O sistema dualista de gestão da diversidade cultural da União Europeia: o conceito de cultura no programa Europa Criativa (2014–19; 2021–27) e na estratégia para as relações culturais internacionais (2016–)1 MAFALDA DÂMASO E ANDREW MURRAY

Este artigo discute a forma como a União Europeia (ue) define e apoia a cultura. A ue é um conjunto econômico e político formado por 27 Estados-membros. Seu formato atual resulta de vários tratados e mudanças organizacionais, e suas origens baseiam-se na Comunidade Europeia do Carvão e do Aço, estabelecida oficialmente em 1951, formando um mercado comum que unia Bélgica, França, Itália, Luxemburgo, Holanda e Alemanha Ocidental. Hoje, a busca por equilíbrio entre o respeito pela diversidade cultural em uma união de 27 membros e a construção de uma base cultural compartilhada – servindo de suporte a valores comuns e à integração política continuada – é reconhecida no lema oficial da ue: “Unida na diversidade”. Este estudo examina de que forma a ue apoia a cultura dentro da união e em seu trabalho pelo mundo.

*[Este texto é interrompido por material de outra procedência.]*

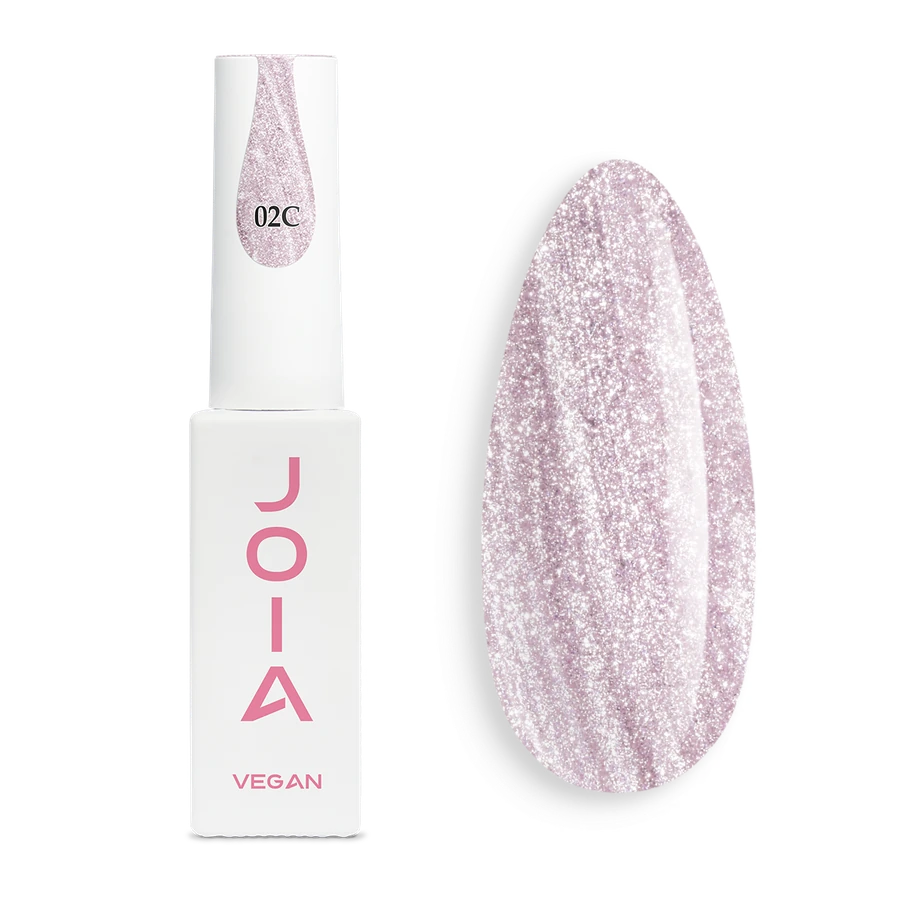 Гель-лак JOIA Vegan Cat Eye 02C Rose Quartz Dust 6 мл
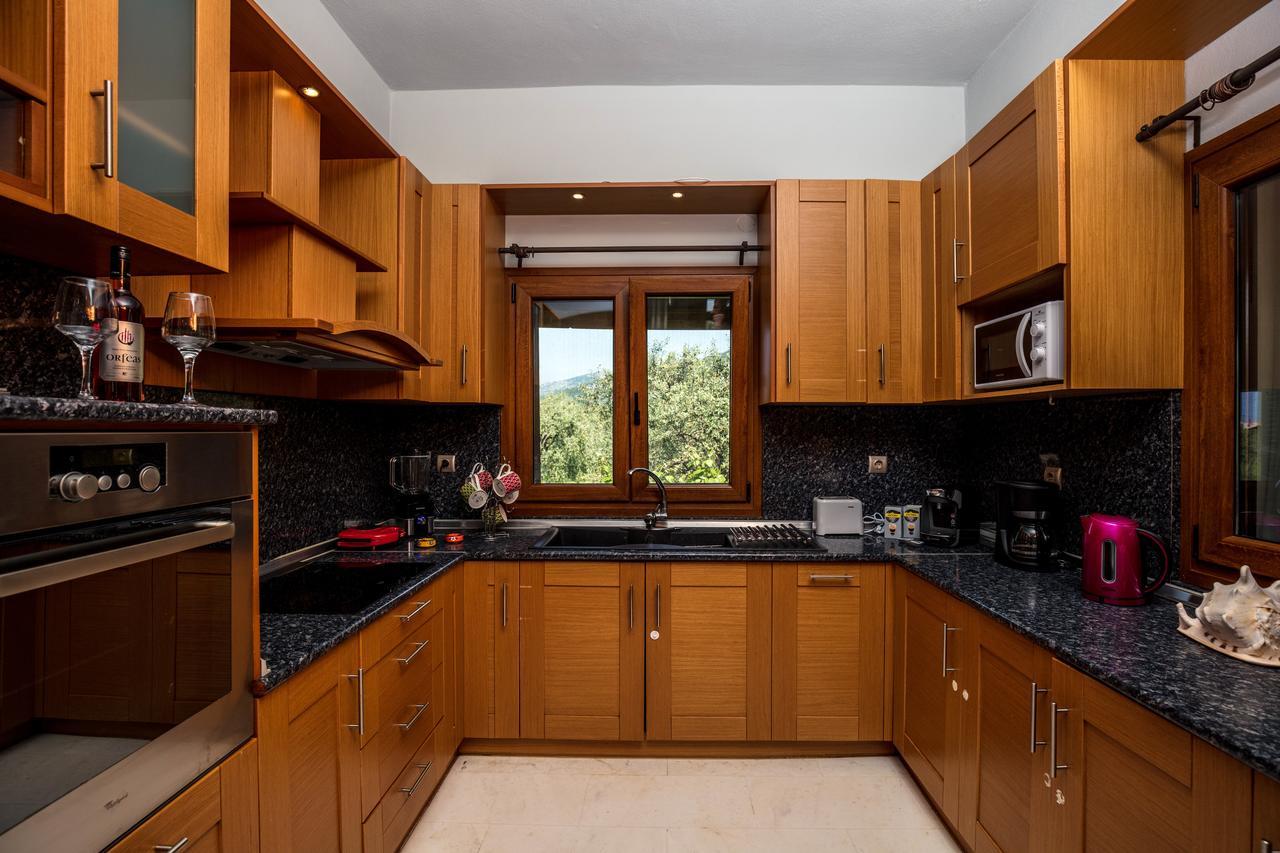 Fokas Luxury Villa Prínos Dış mekan fotoğraf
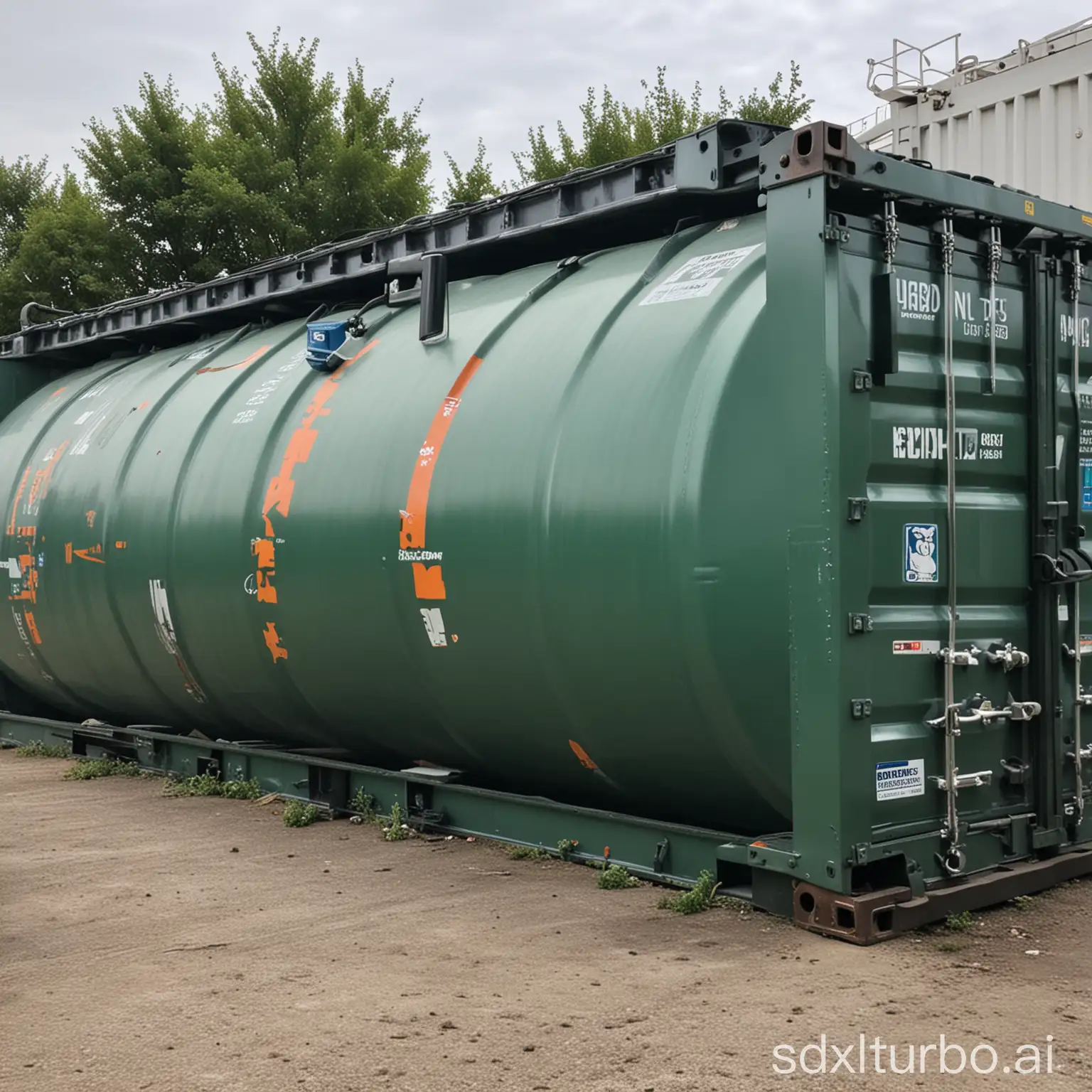 Industrial-Tank-Container-on-Urban-Street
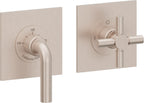 California Faucets Tamalpais StyleTherm Vista™ - Dos Placas Cuadradas (4" c/u)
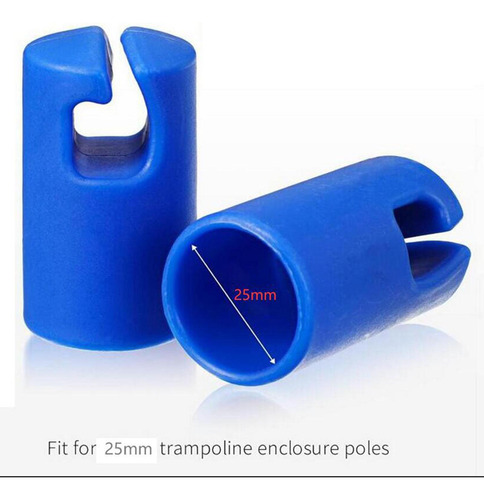 2 Cubiertas Para Postes De Valla De Trampolín, 6 Piezas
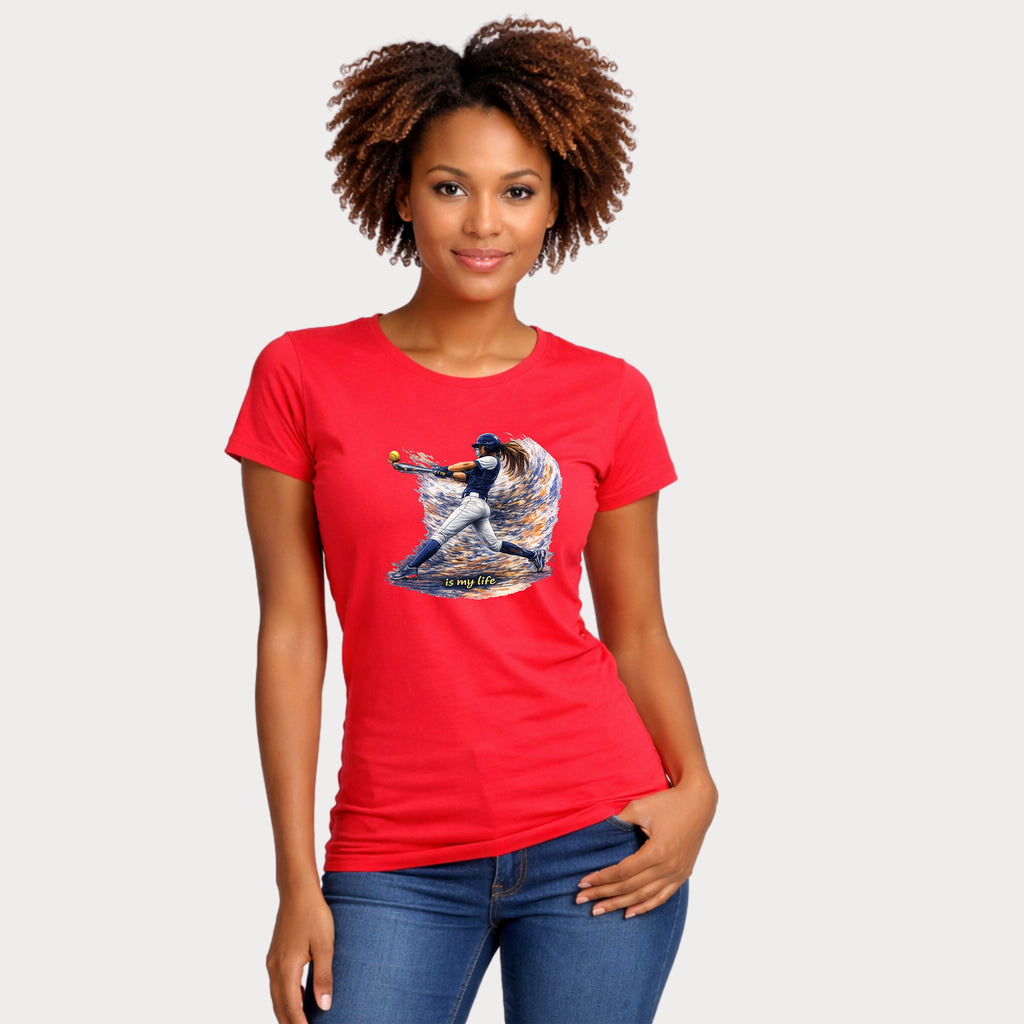 Baseball Batter Brushstroke Short Sleeve T-Shirt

Internamente, a política cultural europeia tenta fortalecer o setor cultural e criativo de forma a alcançar objetivos como a competitividade nos mercados globais; externamente, a cultura é usada principalmente para apoiar objetivos não econômicos com base em valores como o pluralismo e o desenvolvimento sustentável. Ambas as abordagens implementam o lema da união, mas o fazem de formas muito diferentes.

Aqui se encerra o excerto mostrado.